# [About this exercise]
Could you tally the lines of the entries that carry the string "Exterior"? Reply with the number and nothing more.

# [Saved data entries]
======

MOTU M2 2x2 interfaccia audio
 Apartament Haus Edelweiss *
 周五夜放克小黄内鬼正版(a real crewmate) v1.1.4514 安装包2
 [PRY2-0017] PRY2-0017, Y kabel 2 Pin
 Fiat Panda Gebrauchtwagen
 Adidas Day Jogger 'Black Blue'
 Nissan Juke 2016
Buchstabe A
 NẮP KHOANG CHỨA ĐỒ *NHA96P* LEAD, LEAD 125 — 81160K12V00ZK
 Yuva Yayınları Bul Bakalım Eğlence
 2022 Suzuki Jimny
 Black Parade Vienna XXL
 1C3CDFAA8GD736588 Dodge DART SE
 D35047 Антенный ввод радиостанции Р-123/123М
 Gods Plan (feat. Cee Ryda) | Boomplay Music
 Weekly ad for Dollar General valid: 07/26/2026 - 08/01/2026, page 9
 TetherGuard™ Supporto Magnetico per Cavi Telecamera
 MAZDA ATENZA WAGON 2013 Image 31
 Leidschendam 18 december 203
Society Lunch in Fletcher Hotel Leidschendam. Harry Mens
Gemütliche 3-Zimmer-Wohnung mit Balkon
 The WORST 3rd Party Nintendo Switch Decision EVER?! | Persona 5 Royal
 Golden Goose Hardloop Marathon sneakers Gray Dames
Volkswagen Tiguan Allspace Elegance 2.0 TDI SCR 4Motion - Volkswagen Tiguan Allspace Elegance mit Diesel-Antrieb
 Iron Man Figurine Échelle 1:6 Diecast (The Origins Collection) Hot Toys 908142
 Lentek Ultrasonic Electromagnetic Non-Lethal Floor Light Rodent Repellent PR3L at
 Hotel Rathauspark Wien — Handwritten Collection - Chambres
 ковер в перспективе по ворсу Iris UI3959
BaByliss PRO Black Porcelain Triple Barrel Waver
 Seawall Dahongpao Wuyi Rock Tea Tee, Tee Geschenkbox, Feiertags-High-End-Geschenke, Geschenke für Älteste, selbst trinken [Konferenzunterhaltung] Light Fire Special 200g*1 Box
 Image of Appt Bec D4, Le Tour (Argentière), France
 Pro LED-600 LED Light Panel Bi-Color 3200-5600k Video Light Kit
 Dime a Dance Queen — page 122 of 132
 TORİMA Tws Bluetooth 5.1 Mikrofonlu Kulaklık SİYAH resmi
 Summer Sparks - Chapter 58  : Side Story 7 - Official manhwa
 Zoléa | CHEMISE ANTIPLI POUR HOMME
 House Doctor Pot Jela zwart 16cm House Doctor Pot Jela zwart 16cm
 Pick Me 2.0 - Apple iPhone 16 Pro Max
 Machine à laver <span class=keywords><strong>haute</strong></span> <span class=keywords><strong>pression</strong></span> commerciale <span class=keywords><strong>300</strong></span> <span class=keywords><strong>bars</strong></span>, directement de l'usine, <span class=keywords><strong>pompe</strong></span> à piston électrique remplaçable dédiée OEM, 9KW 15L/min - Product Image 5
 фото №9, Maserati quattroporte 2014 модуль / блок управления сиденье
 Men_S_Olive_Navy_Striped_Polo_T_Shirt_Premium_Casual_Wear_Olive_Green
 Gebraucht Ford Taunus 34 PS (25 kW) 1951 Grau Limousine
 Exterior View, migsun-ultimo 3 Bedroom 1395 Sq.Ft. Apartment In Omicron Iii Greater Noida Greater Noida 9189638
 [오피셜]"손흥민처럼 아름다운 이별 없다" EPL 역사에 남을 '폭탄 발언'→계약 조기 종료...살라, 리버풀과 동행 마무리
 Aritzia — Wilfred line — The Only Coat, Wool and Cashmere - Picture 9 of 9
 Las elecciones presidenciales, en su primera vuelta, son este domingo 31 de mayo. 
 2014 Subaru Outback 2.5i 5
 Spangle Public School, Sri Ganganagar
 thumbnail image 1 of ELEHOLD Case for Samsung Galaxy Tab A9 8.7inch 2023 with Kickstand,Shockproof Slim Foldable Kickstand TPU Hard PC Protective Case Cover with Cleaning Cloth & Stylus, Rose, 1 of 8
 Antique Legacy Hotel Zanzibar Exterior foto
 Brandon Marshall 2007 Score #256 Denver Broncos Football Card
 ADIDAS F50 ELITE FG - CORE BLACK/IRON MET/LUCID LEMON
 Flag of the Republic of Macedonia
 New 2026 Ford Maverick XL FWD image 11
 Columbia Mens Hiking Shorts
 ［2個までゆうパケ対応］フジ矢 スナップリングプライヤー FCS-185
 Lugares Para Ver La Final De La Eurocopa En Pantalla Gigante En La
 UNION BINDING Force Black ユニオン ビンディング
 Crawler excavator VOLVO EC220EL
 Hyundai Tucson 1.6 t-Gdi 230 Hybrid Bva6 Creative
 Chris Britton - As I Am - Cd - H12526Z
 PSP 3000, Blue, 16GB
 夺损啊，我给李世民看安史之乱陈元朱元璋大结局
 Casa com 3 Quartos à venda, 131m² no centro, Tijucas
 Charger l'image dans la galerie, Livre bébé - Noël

======

# [Output]
2